EXERCISE BRIEF
Bring together every line in the data that includes "Blue".

DATA SUPPLIED
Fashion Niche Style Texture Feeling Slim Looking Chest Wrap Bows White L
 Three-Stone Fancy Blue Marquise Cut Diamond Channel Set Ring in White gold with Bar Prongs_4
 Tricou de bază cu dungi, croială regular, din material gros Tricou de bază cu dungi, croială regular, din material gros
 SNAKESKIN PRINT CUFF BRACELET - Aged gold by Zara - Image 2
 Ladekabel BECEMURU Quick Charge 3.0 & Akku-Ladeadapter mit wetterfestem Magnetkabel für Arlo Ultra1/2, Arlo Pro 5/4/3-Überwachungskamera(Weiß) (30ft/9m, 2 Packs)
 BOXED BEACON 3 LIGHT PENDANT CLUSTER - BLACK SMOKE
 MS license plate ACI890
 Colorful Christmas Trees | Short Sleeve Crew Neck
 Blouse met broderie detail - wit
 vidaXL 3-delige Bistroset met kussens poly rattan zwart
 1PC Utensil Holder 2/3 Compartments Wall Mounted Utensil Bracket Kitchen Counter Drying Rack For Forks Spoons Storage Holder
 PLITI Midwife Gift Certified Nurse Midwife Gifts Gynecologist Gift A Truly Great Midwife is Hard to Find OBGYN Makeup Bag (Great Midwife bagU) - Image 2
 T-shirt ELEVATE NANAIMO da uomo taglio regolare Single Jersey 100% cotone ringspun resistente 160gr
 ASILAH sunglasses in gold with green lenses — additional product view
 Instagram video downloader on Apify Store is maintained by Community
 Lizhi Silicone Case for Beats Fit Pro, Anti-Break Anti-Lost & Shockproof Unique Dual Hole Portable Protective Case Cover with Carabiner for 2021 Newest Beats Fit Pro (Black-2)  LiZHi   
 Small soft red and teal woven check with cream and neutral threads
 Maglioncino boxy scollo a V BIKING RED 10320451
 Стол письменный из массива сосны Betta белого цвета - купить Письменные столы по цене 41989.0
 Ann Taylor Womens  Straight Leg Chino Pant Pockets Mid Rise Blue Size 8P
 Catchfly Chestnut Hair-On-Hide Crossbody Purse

YOUR SOLUTION
 Three-Stone Fancy Blue Marquise Cut Diamond Channel Set Ring in White gold with Bar Prongs_4
 Ann Taylor Womens  Straight Leg Chino Pant Pockets Mid Rise Blue Size 8P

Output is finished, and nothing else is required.